Problem to work on:
Beginning with the line that has "Used 2022 Jeep", write out each line down to the end of the records below exactly, and include no pictures.

Material provided:
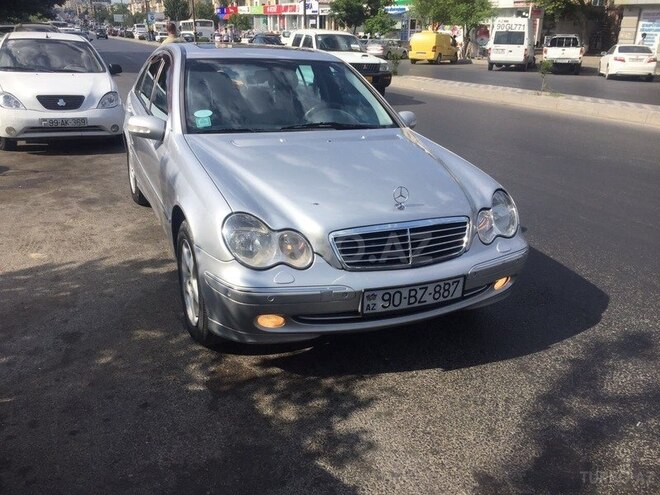 Mercedes C 200 2000, 268,000 km - 2.0 l - Bakı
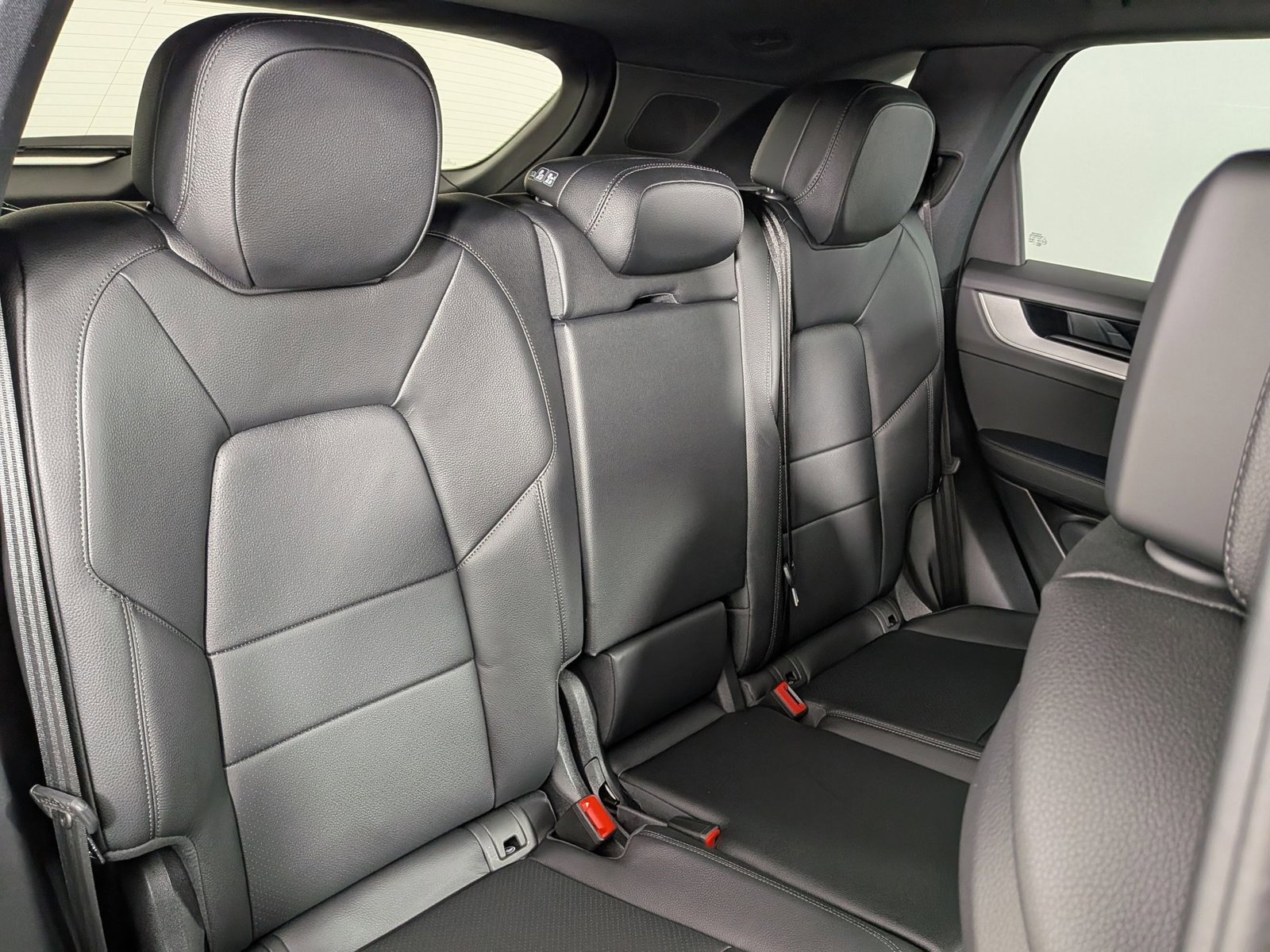 Certified 2025 Porsche Cayenne AWD/4WD image 23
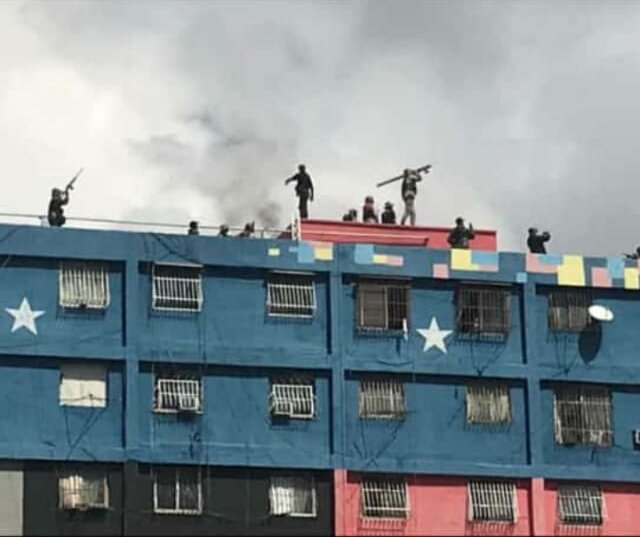 Dxsmc5zX0AACwGK.jpg:large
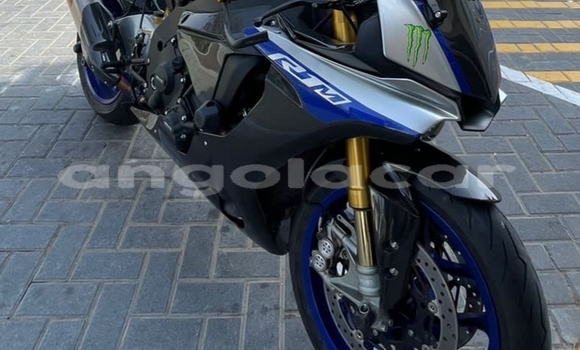 Comprar Usado Yamaha R1 Bege Moto em Luanda em Luanda Province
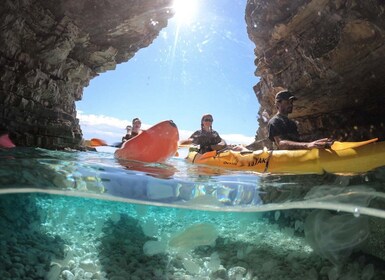 Premantura : Excursion en kayak dans les grottes marines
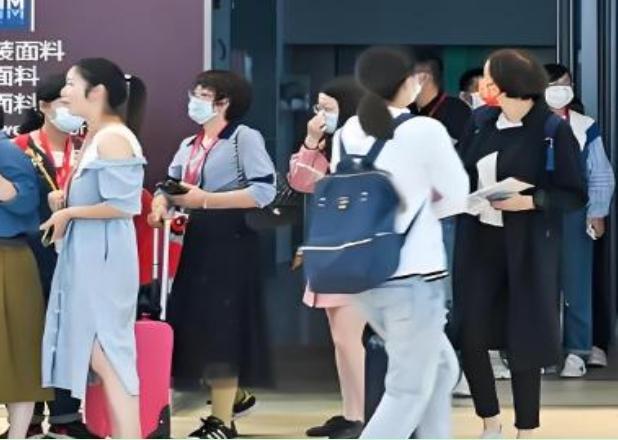 2025�й���֣�ݣ����ʷ�װ��֯���ϸ��ϼ���еչ����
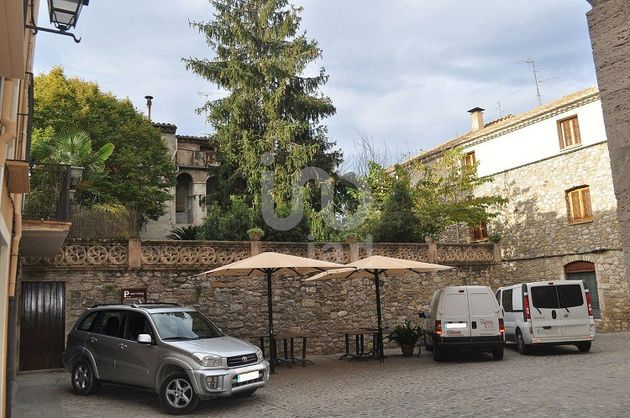 Foto 2 de Venta de casa en Besalú de 4 habitaciones con terraza y jardín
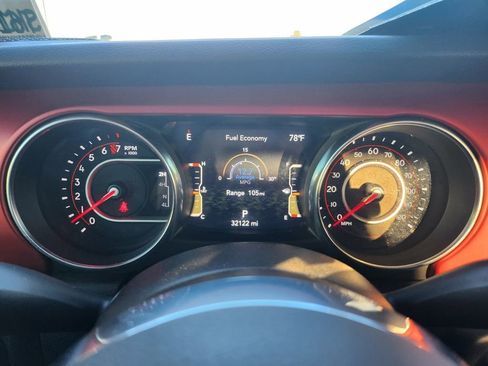 Used 2022 Jeep Gladiator Rubicon w/ Cold Weather Group image 16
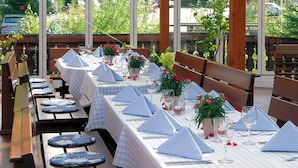 A restaurant with tables set for dining, featuring blue and white checkered tablecloths and pyramid-shaped napkins. - Untere Kapfenhardter Mühle (Schoemberg)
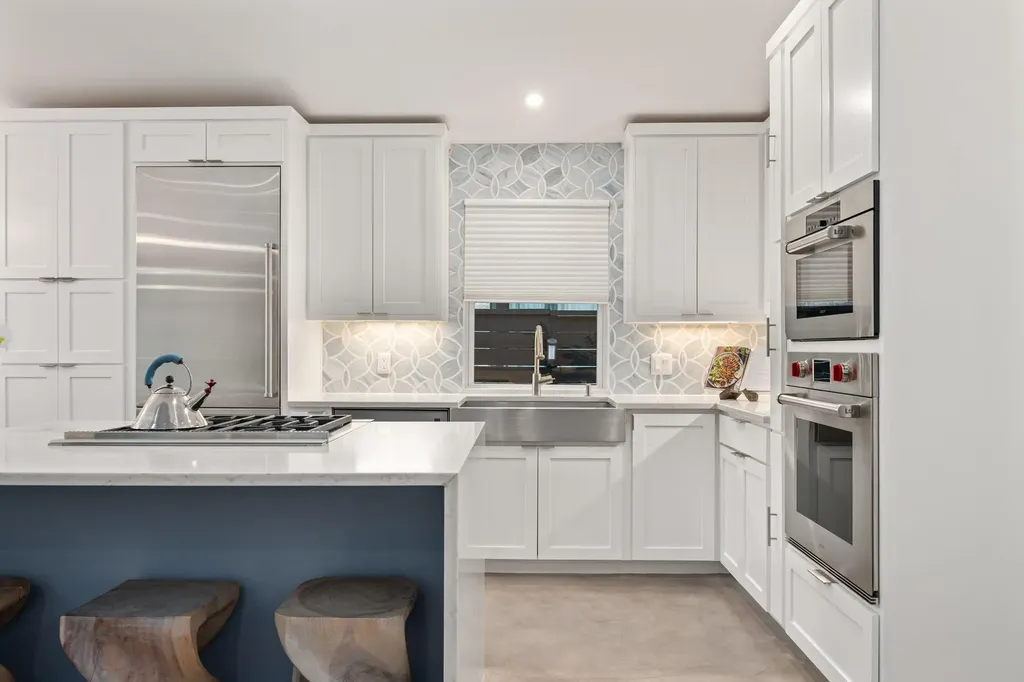 1813 Crooked Lane Austin TX 78741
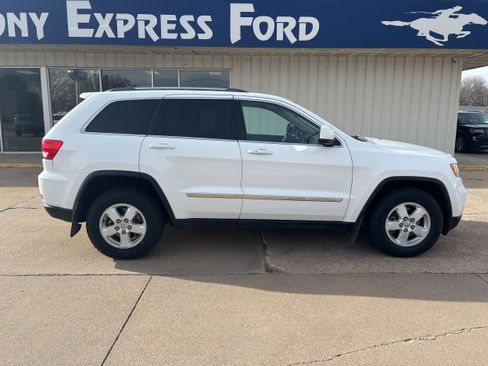 Used 2013 Jeep Grand Cherokee Laredo w/ Laredo E Group image 2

Task output:
 Used 2022 Jeep Gladiator Rubicon w/ Cold Weather Group image 16
 A restaurant with tables set for dining, featuring blue and white checkered tablecloths and pyramid-shaped napkins. - Untere Kapfenhardter Mühle (Schoemberg)
 1813 Crooked Lane Austin TX 78741
 Used 2013 Jeep Grand Cherokee Laredo w/ Laredo E Group image 2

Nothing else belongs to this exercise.